“Twearable, twearable. Dwont ’e ax ov me vor gude now, dwont ’e”. And he put up his broad hand before his broad face.

“Terrible, terrible”, said the coroner, going by the light of nature in his interpretation; “but I do not mean the exact spot only where the body was found. I mean, how was the ground as regards dry and wet, for the purpose of retaining footmarks”?

“Thar a bin zome rick–rack wather, ’bout a sannit back. But most peart on it ave a droud up agin. ’Twur starky, my lard, moor nor stoachy”. Here Mark felt that he had described things lucidly and powerfully, and looked round the room for approval.

“Stiff rather than muddy, he means”, explained Mr. Brockwood, smiling at the coronerʼs dismay.

“Were there any footprints upon it, in the part where the ground could retain them”?

“ʼTwur dounted and full of stabbles, in the pearts whur the mulloch wur, but the main of ’un tuffets and stramots”.

“That is to say”, Mr. Brockwood translated, “the ground was full of impressions and footmarks, where there was any dirt to retain them; but most of the ground was hillocky and grassy, and so would take no footprints”.

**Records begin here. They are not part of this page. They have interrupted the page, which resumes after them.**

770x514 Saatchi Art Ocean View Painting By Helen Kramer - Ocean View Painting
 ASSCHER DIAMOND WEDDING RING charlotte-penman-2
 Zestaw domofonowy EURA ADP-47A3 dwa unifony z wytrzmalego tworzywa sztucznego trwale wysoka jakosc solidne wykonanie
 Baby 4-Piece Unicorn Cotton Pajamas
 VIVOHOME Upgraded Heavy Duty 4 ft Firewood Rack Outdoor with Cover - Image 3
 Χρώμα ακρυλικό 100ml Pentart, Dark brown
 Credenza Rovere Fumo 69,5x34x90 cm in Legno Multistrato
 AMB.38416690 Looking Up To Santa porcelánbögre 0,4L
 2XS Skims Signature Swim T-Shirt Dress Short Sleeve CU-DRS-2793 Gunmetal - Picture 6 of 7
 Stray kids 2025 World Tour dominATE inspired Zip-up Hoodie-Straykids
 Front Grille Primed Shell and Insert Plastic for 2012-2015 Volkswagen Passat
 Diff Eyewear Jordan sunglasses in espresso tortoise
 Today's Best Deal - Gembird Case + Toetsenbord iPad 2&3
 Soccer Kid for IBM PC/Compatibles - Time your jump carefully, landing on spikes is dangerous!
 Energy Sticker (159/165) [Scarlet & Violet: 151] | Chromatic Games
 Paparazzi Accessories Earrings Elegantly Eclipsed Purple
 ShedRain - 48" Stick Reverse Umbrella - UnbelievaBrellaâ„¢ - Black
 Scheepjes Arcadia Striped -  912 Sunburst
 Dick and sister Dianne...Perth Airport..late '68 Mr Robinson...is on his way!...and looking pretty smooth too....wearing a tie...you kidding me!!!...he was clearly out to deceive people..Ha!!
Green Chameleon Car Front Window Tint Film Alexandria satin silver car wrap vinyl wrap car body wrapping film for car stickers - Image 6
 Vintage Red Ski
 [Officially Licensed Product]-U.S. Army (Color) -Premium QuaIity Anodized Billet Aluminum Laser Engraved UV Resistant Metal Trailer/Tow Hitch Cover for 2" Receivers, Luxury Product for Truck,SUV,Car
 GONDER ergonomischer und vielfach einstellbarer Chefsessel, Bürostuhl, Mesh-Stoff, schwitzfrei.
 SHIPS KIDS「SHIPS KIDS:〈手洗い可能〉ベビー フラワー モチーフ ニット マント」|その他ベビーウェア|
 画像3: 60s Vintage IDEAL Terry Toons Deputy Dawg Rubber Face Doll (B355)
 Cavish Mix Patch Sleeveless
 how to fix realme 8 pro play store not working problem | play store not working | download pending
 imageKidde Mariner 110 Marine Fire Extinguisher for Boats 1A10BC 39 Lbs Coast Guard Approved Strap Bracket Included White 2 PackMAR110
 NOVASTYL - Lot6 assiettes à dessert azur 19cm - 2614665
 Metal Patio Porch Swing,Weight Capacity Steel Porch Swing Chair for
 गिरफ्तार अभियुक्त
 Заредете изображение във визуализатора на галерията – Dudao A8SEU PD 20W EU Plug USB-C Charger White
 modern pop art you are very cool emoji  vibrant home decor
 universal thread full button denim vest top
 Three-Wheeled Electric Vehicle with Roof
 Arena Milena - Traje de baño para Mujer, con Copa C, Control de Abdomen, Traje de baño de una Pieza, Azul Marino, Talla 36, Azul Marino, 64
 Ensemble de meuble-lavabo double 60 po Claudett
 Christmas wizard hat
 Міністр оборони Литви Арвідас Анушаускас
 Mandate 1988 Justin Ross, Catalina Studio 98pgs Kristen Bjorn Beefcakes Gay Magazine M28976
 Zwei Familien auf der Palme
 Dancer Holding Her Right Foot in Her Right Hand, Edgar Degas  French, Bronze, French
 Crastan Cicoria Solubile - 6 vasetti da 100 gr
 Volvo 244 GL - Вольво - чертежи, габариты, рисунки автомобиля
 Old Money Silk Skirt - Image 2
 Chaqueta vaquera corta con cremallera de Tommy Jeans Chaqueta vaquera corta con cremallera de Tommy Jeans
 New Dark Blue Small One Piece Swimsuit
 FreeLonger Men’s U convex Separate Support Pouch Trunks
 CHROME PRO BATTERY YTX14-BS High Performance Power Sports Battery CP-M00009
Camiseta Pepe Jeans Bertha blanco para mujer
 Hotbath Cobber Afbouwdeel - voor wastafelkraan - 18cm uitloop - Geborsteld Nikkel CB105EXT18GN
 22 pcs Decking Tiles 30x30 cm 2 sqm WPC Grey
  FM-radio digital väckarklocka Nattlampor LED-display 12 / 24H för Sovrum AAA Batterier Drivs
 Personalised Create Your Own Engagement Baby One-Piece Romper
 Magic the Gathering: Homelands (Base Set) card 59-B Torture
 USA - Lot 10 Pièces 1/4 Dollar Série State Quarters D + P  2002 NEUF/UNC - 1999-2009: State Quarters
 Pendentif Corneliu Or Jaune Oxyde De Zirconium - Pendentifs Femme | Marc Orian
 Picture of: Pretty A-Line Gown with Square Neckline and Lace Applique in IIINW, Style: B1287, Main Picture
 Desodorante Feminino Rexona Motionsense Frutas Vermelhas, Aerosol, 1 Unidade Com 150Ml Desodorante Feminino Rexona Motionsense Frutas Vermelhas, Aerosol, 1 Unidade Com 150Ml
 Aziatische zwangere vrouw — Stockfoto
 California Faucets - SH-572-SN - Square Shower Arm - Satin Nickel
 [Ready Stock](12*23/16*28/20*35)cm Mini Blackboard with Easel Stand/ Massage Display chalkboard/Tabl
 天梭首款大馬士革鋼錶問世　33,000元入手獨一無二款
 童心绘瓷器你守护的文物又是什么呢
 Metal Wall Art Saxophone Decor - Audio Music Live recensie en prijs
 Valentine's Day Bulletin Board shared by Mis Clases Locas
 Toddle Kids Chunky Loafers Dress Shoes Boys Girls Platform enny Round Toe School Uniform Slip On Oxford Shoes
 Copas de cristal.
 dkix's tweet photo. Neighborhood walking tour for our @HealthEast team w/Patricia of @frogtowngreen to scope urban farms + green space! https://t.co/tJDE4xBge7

“When you were searching, did you find anything that seemed to have been overlooked”?

“Yees, my lard, I vound thissom”—producing Cradʼs stubby meerschaum—“and thissom”—a burnt felt–wad—“and a whaile vurther, ai vound thissom”. Here he slowly drew from his pocket a very fine woodcock, though not over fat, with its long bill tucked most carefully under its wing. He stroked the dead bird softly, and set its feathers professionally, but did not hand it about, as the court seemed to anticipate.

“In what part, and from what direction, has that bird been shot”?